Identification of DEGs

Comparison of the two 2009 groups, ‘09MS’ and ‘09 O’, identified 10,375 DEGs (FDR < 0.05, LFC cutoff = 0), including 6,093 downregulated and 4,282 upregulated genes as leaves senesced (Supplementary Table S7).

Comparison of every two chronologically successive developmental states from 2015 and 2016 showed that a total of 14,415 (41.6%) of the expressed 34,623 genes were differentially expressed (FDR < 0.05, LFC cutoff = 0) in three developmental transitions, with 7,198, 7,091, and 5,698 DEGs associated with the transitions from growth to senescence initiation, from reorganization to termination, and from senescence initiation to reorganization, respectively (Supplementary Table S7). In each transition, the number of downregulated genes was slightly larger (i.e., 172 to 943 more) than the number of upregulated genes.

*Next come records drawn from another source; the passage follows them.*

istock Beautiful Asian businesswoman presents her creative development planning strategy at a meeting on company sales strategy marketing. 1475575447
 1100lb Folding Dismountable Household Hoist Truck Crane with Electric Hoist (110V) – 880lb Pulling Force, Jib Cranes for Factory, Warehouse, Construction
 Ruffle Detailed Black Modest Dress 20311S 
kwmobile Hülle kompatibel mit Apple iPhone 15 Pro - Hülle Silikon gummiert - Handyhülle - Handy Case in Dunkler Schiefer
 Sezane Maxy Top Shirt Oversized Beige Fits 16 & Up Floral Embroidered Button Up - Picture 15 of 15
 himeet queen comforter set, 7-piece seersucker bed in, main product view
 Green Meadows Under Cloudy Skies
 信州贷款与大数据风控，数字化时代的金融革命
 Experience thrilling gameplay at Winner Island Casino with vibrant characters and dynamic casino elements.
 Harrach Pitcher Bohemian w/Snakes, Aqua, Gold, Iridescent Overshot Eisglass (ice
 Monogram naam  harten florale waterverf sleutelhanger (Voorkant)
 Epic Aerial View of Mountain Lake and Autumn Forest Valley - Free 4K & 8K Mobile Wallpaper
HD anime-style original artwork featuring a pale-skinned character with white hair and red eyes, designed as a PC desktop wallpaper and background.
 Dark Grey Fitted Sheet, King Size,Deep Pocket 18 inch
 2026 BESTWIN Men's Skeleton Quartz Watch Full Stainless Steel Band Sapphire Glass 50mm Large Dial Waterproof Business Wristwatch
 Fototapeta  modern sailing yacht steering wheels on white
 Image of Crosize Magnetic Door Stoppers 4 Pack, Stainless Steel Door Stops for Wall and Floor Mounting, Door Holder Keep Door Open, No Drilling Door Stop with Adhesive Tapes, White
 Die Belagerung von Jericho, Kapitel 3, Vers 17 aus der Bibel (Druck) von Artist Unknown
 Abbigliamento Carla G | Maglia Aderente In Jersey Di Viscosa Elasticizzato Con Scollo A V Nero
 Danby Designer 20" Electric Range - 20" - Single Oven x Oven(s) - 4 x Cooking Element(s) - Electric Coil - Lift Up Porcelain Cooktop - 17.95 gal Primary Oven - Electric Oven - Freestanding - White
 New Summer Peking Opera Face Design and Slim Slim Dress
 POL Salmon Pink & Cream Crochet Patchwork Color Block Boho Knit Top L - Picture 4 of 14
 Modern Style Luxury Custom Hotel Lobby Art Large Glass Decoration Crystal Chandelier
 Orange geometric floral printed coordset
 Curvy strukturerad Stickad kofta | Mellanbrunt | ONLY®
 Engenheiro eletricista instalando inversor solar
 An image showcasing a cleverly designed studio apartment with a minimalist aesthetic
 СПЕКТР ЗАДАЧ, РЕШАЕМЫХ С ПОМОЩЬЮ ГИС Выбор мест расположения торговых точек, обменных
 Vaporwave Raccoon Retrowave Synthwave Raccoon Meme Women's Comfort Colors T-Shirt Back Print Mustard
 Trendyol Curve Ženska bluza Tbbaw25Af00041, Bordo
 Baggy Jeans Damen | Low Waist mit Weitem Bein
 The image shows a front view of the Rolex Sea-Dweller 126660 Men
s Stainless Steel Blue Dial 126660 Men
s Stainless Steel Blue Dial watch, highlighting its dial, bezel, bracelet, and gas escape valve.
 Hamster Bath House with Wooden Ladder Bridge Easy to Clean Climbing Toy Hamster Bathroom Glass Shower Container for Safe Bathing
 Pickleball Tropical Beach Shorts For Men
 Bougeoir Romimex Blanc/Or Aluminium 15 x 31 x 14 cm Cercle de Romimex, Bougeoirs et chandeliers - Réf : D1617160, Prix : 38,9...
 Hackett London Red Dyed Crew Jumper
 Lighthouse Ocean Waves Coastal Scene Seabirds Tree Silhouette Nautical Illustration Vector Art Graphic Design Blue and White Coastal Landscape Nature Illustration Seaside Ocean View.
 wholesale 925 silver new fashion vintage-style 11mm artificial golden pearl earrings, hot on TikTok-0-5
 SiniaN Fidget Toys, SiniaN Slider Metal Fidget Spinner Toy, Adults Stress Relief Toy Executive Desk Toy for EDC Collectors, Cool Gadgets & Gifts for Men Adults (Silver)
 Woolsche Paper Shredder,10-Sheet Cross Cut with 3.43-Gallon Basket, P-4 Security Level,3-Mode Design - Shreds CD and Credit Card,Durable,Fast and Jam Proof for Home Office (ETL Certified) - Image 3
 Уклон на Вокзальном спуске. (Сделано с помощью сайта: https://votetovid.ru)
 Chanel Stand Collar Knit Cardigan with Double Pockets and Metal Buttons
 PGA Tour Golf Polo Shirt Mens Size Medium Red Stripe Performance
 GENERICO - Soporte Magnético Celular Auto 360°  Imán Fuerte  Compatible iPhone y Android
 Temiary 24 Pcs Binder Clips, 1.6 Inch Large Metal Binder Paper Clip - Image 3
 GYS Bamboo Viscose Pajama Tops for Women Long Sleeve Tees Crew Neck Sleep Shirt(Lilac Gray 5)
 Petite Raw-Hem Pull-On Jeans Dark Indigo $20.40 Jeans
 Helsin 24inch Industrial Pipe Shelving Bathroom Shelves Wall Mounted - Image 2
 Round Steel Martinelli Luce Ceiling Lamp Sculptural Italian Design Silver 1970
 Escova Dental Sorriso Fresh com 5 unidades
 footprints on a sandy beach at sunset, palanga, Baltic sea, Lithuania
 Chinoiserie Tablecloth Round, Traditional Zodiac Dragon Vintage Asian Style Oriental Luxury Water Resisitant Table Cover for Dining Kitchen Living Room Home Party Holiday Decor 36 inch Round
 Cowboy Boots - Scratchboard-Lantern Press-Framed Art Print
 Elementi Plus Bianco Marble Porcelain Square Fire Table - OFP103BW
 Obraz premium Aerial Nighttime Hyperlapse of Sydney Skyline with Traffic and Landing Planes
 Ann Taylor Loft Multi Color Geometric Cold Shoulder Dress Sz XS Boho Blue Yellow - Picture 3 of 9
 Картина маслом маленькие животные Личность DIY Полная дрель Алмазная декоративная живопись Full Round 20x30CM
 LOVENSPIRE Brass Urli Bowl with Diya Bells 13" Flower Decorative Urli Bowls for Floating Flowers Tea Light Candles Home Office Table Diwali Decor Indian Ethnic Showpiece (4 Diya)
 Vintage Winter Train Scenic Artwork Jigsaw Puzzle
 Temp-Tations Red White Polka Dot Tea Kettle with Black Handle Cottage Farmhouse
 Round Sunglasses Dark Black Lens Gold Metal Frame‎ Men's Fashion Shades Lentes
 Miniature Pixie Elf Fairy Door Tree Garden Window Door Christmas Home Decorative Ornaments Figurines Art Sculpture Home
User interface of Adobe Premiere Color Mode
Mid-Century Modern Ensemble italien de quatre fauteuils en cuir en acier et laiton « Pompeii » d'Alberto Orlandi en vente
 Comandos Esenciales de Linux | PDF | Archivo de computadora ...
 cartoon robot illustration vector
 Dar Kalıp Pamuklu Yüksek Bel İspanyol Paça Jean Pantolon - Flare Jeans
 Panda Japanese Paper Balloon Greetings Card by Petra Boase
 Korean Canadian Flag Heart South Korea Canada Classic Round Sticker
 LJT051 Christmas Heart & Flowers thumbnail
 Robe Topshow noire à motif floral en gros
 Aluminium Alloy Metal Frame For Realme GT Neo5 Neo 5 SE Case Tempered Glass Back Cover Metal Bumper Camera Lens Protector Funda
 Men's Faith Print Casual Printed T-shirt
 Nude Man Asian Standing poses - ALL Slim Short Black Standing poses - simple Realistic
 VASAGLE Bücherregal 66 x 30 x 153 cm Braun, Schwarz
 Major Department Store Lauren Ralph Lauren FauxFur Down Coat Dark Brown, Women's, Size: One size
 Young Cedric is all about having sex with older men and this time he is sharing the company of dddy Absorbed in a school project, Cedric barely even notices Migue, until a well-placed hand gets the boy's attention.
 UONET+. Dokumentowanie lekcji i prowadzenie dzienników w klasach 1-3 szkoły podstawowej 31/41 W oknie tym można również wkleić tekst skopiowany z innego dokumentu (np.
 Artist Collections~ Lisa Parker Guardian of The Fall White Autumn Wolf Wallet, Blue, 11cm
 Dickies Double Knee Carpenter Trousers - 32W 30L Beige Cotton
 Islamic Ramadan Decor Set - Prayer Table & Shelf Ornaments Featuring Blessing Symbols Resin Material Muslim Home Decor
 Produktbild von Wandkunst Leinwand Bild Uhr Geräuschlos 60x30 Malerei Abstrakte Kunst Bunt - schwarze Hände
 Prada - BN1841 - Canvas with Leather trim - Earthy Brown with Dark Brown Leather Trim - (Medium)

Combining 2009- and 2015/2016-based results, there were a total of 17,974 DEGs associated seasonal leaf growth and senescence. Among these DEGs, 3,939 (21.9%, including 2,212 downregulated and 1,727 upregulated) genes were only identified in 2009, and 8,988 (50.0%, including 4,512 downregulated and 4,476 upregulated) genes were specifically identified in 2015 and 2016. Meanwhile, 6,436 (35.8%, including 3,881 downregulated genes and 2,555 upregulated) genes were shared among years (Supplementary Fig. S4). In addition, 1,116 (6.2%) of the DEGs had no Arabidopsis match, and therefore were considered as novel (Supplementary Table S7).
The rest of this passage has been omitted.